Ouh la ! Je passe une journée très ordinaire (extraordinaire !). Je m’occupe de mes enfants, je veille à ce qu’ils ne manquent de rien et que la baby sitter assurera au moment où je ne serais plus (tout à fait) là pour eux.
En les quittant je leur dit que je les emmène sur scène avec moi dans mon cœur et je leur glisse un petit mot surprise sous l’oreiller qu’ils découvriront en se couchant.
Heureuse de ce jour qui va accoucher de quelque chose, « quelque chose » doit arriver. Il y a un crépitement spécial dans mon ventre, comme lors d’un premier rdv amoureux.
Avez-vous des habitudes avant d’entrer en scène ? Des superstitions ?
Je décorne, je fais des blagues (de cul!), je danse. Je m’échauffe. Je me maquille. Je fais mes mises. Je mange une banane. J’ai envie de faire l’amour. Je le dis! Je fais des italiennes. J’aligne mes crayons de maquillage. Je me brosse les dents. Je dis merde ! Je retourne aux toilettes.
Première fois où je me suis dit « je veux faire ce métier ? »
Mon père joue Le Capitaine Fracasse au théâtre de la Renaissance à Paris, je suis en plein cœur de l’œdipe. Il chante de sa belle voix basse et au moment du salut il pointe son épée vers moi dans la salle, petite fille de 5 ans assise dans son fauteuil, yeux écarquillés d’amour-admiration-joie-peur-fierté, les applaudissements retentissent: “Je veux faire ce métier”.
Premier bide ?
Je pense que « Josette » (mon premier personnage de masque) est en soit l’incarnation du « bide » mais je l’aime précisément pour ça et je ris en l’écrivant!
Première ovation ?
Peut-être un jour… j’vous raconterai.
J’ai senti des “ovations” secrètes, silencieuses, de celles qui me rappelle un instant la fulgurante nécessité de continuer à faire ce métier.
Premier fou rire ?
Gabriel Dufay joue le diable dans Le Maître et Marguerite il dit à la fin de la pièce, dans une longue tirade :” Ne voudriez-vous pas, comme Faust, vous pencher sur votre bureau et écrire avec une chandelle à la lueur d’une plume d’oie …» inversant chandelle et plume d’oie.
Aucun mot ne peut plus sortir de ma bouche.
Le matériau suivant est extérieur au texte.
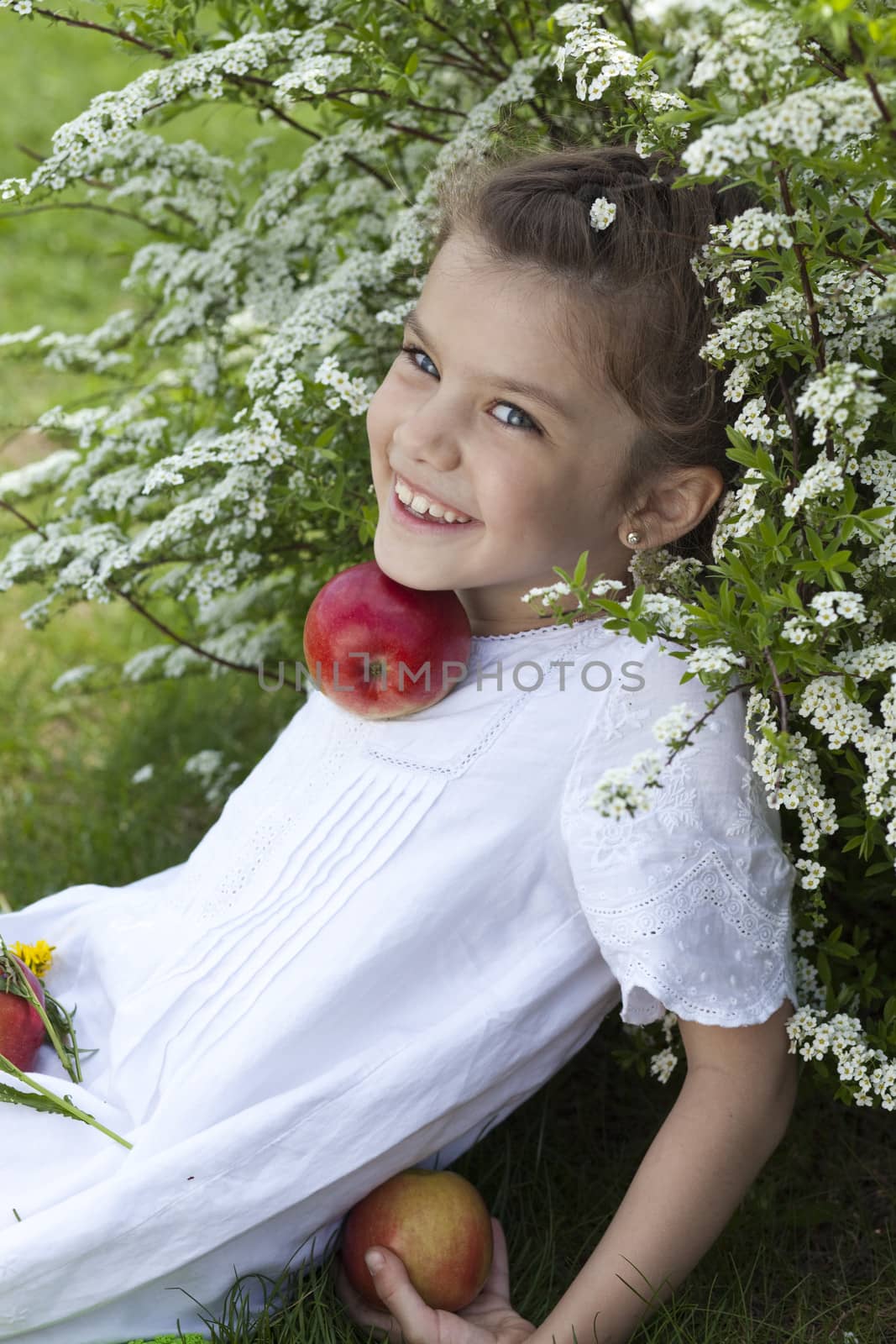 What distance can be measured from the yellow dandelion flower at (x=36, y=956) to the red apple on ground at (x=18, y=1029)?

J’exécute mécaniquement les derniers gestes et déplacements du spectacle mais mon corps est secoué de spasmes de rire impossible à maîtriser jusqu’au salut. J’avais cette image d’un homme essayant d’écrire avec une chandelle, s’éclairant d’une plume d’oie.
Premières larmes en tant que spectateur, spectatrice ?
Une femme en pièces le plus beau spectacle que j’ai vu de ma vie. De l’auteure Kata Weber et dans la mise en scène de Kornel Mundruczo. Ils sont tous deux hongrois, leurs acteurs sont polonais. Un véritable chef d’œuvre.
Première mise à nue ?
La naissance de Josette mon premier personnage de masque. Je ne suis plus rien que cette petite voix fluette mais bien ancrée qui dit : “ j’existe depuis la nuit des temps.”
Mon travail sur le masque a fait basculer ma vie d’actrice. Les naissances, les règles du jeu masqué, cet art si particulier, fragile, m’a fait accéder à cet endroit de « mise à nue », oui, un dépouillement, une liberté vraie.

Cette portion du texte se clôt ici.